Now imagine you want load and validate the book metadata. Just create the schema describing the document structure, evaluate it and get the results.

namespace TomasDeml.Samples.Bookshelf
{
    class Program
    {
        /// <summary>
        /// Parses the books xml using ordinary 
        /// (non-transforming) schema.
        /// </summary>
        /// <param name="navigator">Document navigator.</param>
        /// <param name="booksList">Output for Book objects.
        /// </param>
        private static void LoadBooksUsingOrdinarySchema(
                XPathNavigator navigator, List<Book> booksList)
        {
            // Create the schema
            // Root element named bookshelf
            ElementRule bookshelf = new ElementRule("bookshelf");

            // Element named information
            ElementRule information = new ElementRule("information");

            // Element information requires 
            // child element(s) contaning
            // text-only content with name owner
            information.RequiredChildren.Add("owner", 
                                       new TextElementRule("owner"));

            // Element bookshelf requires child 
            // element(s) named information
            bookshelf.RequiredChildren.Add("information", 
                                                   information);

            // Element books
            ElementRule books = new ElementRule("books");

            // Element bookshelf requires child 
            // element(s) named books
            bookshelf.RequiredChildren.Add("books", books);

            // Element book
            ElementRule book = new ElementRule("book");

            // book element required children
            book.RequiredChildren.Add("title", 
                             new TextElementRule("title"));
            book.RequiredChildren.Add("author", 
                            new TextElementRule("author"));

            // On evaluation time, the value 
            // of the rating element
            // will be validated with an 
            // instance of built-in class
            // implementing the IValueValidator interface
            book.RequiredChildren.Add("rating", 
               new TextElementRule("rating", 
               EnumValueValidator.Create(typeof(Rating))));

            // Element books don’t have to 
            // contain any book elements
            books.OptionalChildren.Add("book", book);

            // Construct the schema
            ParserSchema schema = new ParserSchema(bookshelf);

            // Evaluate it
            EvaluatedParserSchema results = 
              schema.Evaluate(navigator, 
               ParserSchema.ParentNodeMatchOption.NavigatorPointsToParentNode);

            // Get evaluated books element
            EvaluatedParentalRule eBooks = 
              results.ParentNode.LookupParentalChild("books", 
              EvaluatedParentalRule.LookupLocation.RequiredChildren);

            // Publish all books...
            foreach (EvaluatedParentalRule eBook in 
                     eBooks.LookupChildren("book", 
                     EvaluatedParentalRule.LookupLocation.OptionalChildren))
                booksList.Add(new Book(eBook.RequiredChildren["title"].Value,
                    eBook.RequiredChildren["author"].Value, 
                      (Rating)Enum.Parse(typeof(Rating), 
                      eBook.RequiredChildren["rating"].Value)));
        }
}

You can also use transforming rules and create Book objects at the evaluation time. To do this, you have to implement the INodeTransformer interface.

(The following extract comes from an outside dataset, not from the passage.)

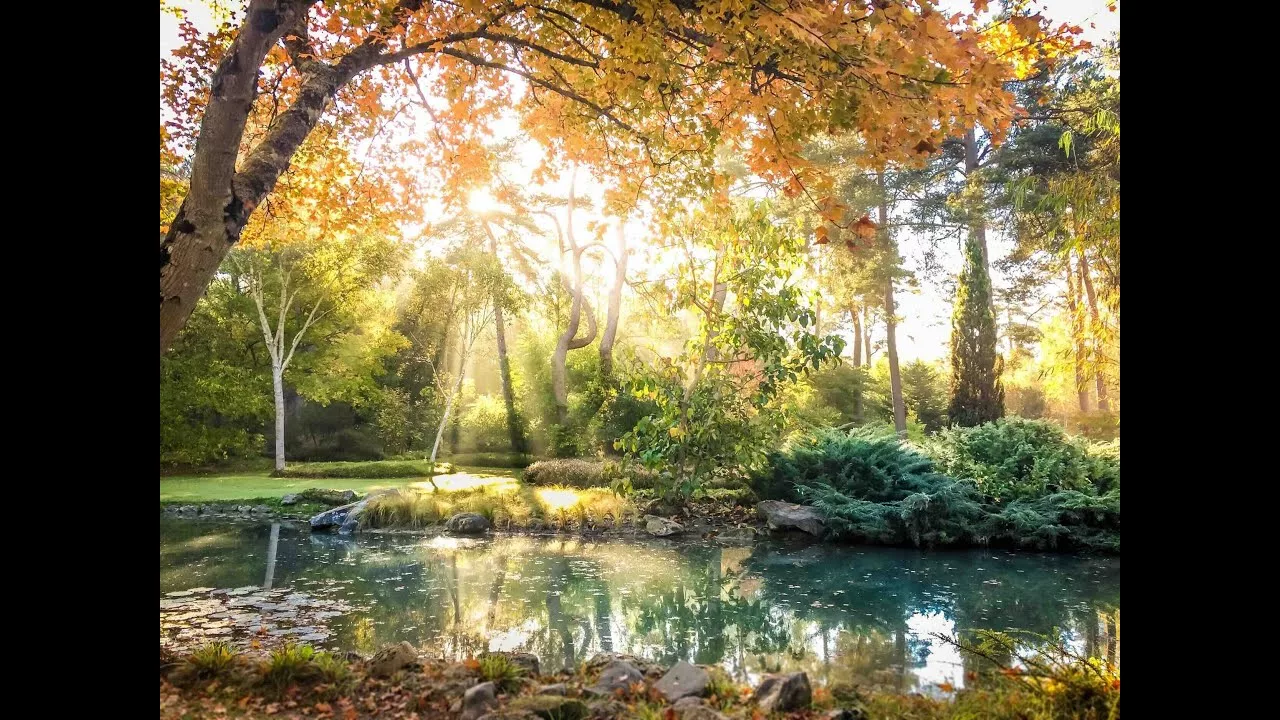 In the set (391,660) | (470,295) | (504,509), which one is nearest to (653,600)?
(391,660)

namespace TomasDeml.Samples.Bookshelf
{
    /// <summary>
    /// Transforms the 'book' element into 
    /// the Book object on the evaluation time.
    /// </summary>
    class BookTransformer : INodeTransformer<Book>
    {
        /// <summary>
        /// Transforms the 'book' element.
        /// </summary>
        /// <param name="evaluatedNodeRule">Evaluated
        ///                   'book' element.</param>
        /// <returns></returns>
        public Book Transform(EvaluatedRule evaluatedNodeRule)
        {
            // Cast it
            EvaluatedParentalRule rule = 
                      (EvaluatedParentalRule)evaluatedNodeRule;

            // New book
            Book book = new Book();

            // Title
            book.Title = rule.RequiredChildren["title"].Value;

            // Author
            book.Author = rule.RequiredChildren["author"].Value;

            // Get transformed rating
            book.Rating = 
              ((EvaluatedElementTransformationRule<Rating>)
                rule.RequiredChildren["rating"]).TransformationResult;

            // Return book object
            return book;
        }
    }
}

Then you can construct and evaluate the schema with transforming rules. Changes are given in bold.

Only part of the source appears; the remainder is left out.